A solution to this dilemma, the Compassionate Use Program, was launched in 1976. It was administered as part of an existing program to provide seriously ill patients with promising medicines prior to their approval by the FDA. Thirteen patients were accepted into this program between 1976 and 1991. They received government-grown marijuana to treat a variety of symptoms and were later joined by hundreds of patients in state-run experimental treatment programs. To obtain this legal marijuana, a patient's physician—or the physician in charge of the state program —submitted a lengthy application to the FDA, after which the DEA conducted inspections to assure that the drug would not be diverted from its intended use.
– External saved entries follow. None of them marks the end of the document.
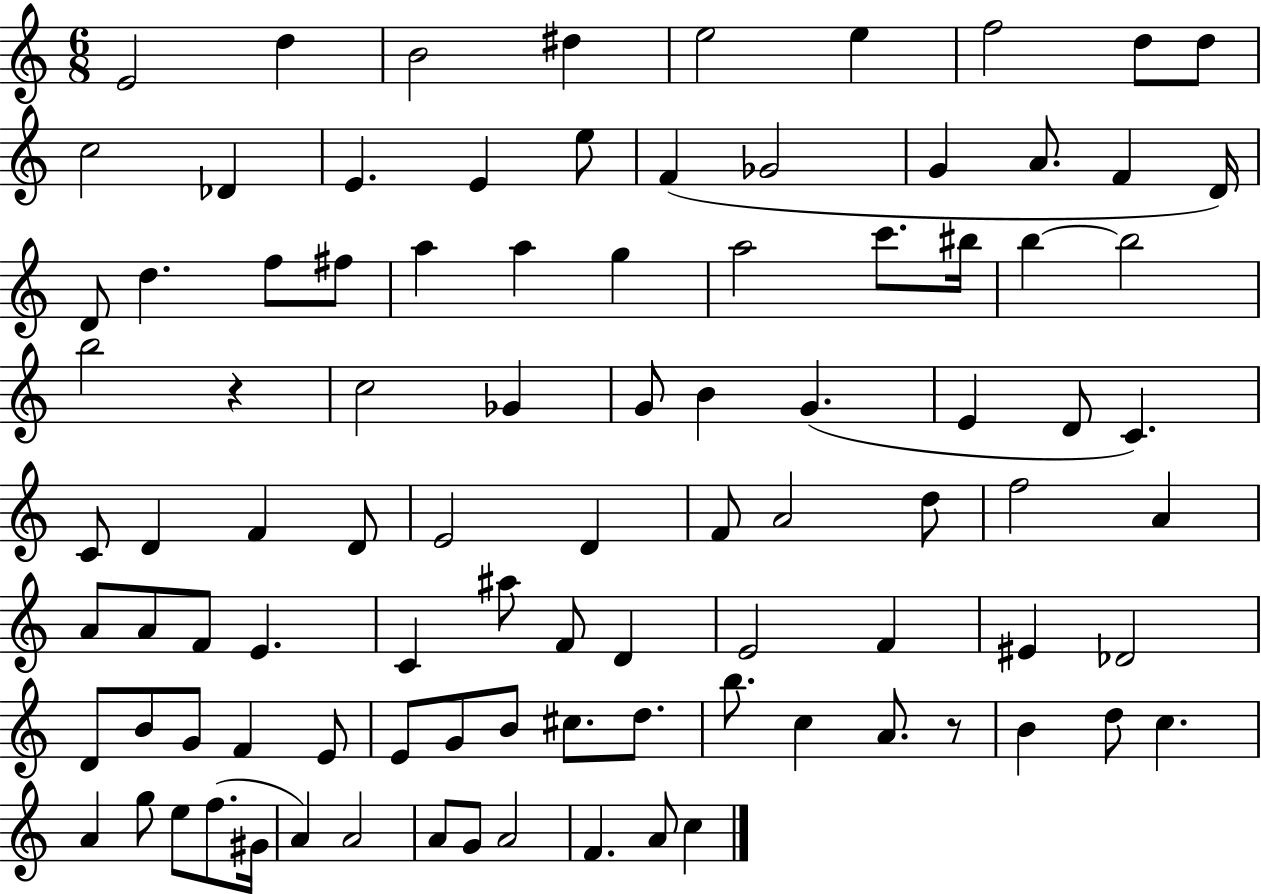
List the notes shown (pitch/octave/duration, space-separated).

E4/h D5/q B4/h D#5/q E5/h E5/q F5/h D5/e D5/e C5/h Db4/q E4/q. E4/q E5/e F4/q Gb4/h G4/q A4/e. F4/q D4/s D4/e D5/q. F5/e F#5/e A5/q A5/q G5/q A5/h C6/e. BIS5/s B5/q B5/h B5/h R/q C5/h Gb4/q G4/e B4/q G4/q. E4/q D4/e C4/q. C4/e D4/q F4/q D4/e E4/h D4/q F4/e A4/h D5/e F5/h A4/q A4/e A4/e F4/e E4/q. C4/q A#5/e F4/e D4/q E4/h F4/q EIS4/q Db4/h D4/e B4/e G4/e F4/q E4/e E4/e G4/e B4/e C#5/e. D5/e. B5/e. C5/q A4/e. R/e B4/q D5/e C5/q. A4/q G5/e E5/e F5/e. G#4/s A4/q A4/h A4/e G4/e A4/h F4/q. A4/e C5/q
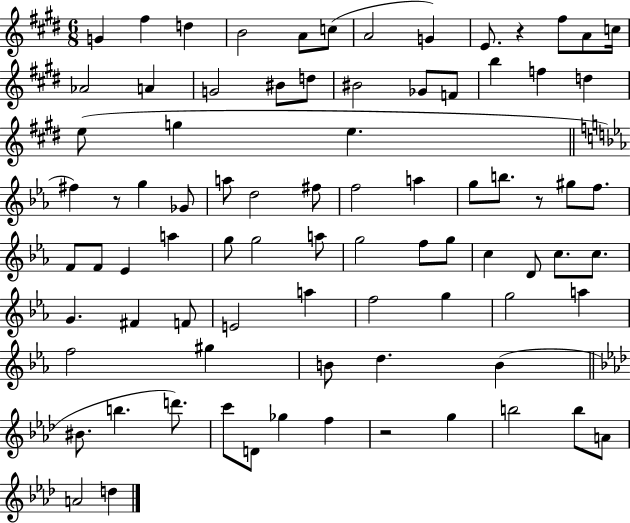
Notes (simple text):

G4/q F#5/q D5/q B4/h A4/e C5/e A4/h G4/q E4/e. R/q F#5/e A4/e C5/s Ab4/h A4/q G4/h BIS4/e D5/e BIS4/h Gb4/e F4/e B5/q F5/q D5/q E5/e G5/q E5/q. F#5/q R/e G5/q Gb4/e A5/e D5/h F#5/e F5/h A5/q G5/e B5/e. R/e G#5/e F5/e. F4/e F4/e Eb4/q A5/q G5/e G5/h A5/e G5/h F5/e G5/e C5/q D4/e C5/e. C5/e. G4/q. F#4/q F4/e E4/h A5/q F5/h G5/q G5/h A5/q F5/h G#5/q B4/e D5/q. B4/q BIS4/e. B5/q. D6/e. C6/e D4/e Gb5/q F5/q R/h G5/q B5/h B5/e A4/e A4/h D5/q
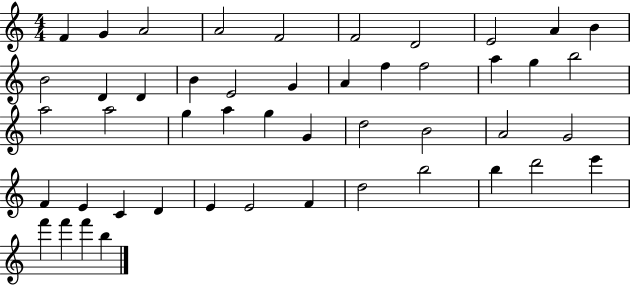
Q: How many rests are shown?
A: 0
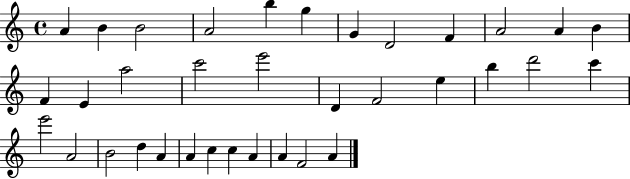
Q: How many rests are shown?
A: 0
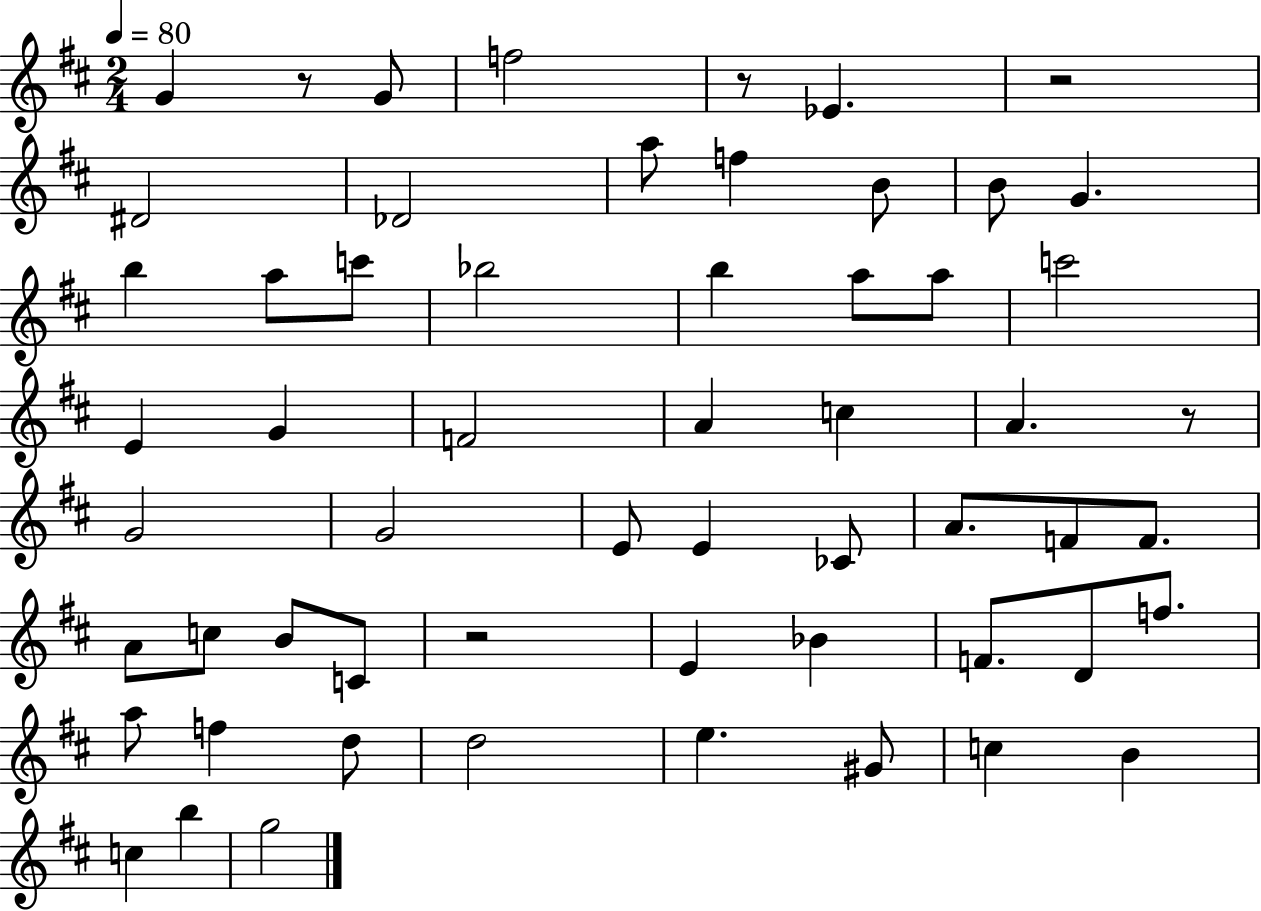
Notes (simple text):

G4/q R/e G4/e F5/h R/e Eb4/q. R/h D#4/h Db4/h A5/e F5/q B4/e B4/e G4/q. B5/q A5/e C6/e Bb5/h B5/q A5/e A5/e C6/h E4/q G4/q F4/h A4/q C5/q A4/q. R/e G4/h G4/h E4/e E4/q CES4/e A4/e. F4/e F4/e. A4/e C5/e B4/e C4/e R/h E4/q Bb4/q F4/e. D4/e F5/e. A5/e F5/q D5/e D5/h E5/q. G#4/e C5/q B4/q C5/q B5/q G5/h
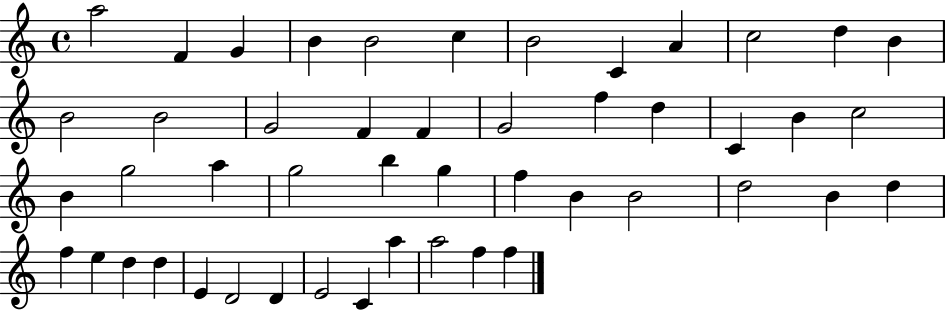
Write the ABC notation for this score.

X:1
T:Untitled
M:4/4
L:1/4
K:C
a2 F G B B2 c B2 C A c2 d B B2 B2 G2 F F G2 f d C B c2 B g2 a g2 b g f B B2 d2 B d f e d d E D2 D E2 C a a2 f f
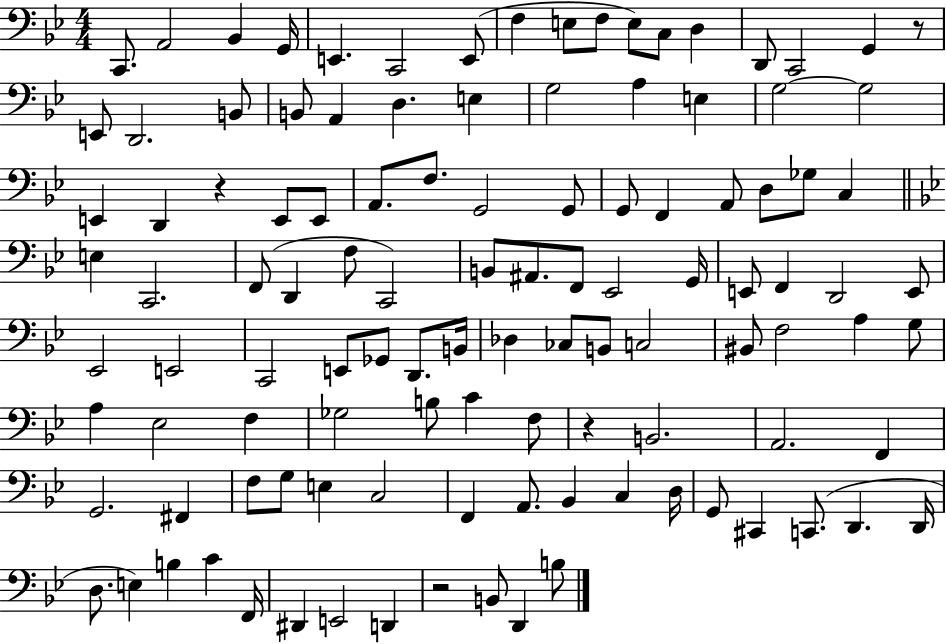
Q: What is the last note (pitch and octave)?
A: B3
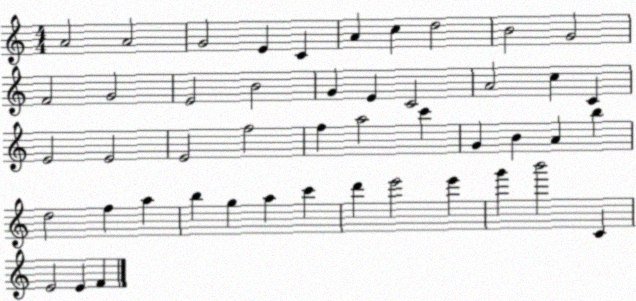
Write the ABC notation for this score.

Then, as now, the National Institute on Drug Abuse (NIDA)—an arm of the National Institutes of Health—oversaw the cultivation and distribution of all marijuana provided by the U.S. government.6

In 1991 the Public Health Service closed the Compassionate Use program for smoked marijuana after a National Institutes of Health review concluded that marijuana was not the best treatment for any of the patients who were receiving it. Increasing numbers of AIDS patients were applying to the program, and its administrators worried that smoking marijuana would be harmful to people with compromised immune systems. At the time the program closed, 28 people had been approved for treatment, but only the 13 who were already receiving marijuana continued to have it provided to them. Since then five of those original patients have died of AIDS. Most state-sponsored clinical research programs folded in the 1980s due to lack of patient interest and after 1986 due to their inability to obtain research-grade marijuana from the federal government.

Upon reconsidering the Compassionate Use suspension in 1994, the Clinton administration decided to keep the program closed. However, with the recent release of the IOM report to the White House's Office of National Drug Control Policy, the subject of government-sponsored marijuana use has again come under federal scrutiny.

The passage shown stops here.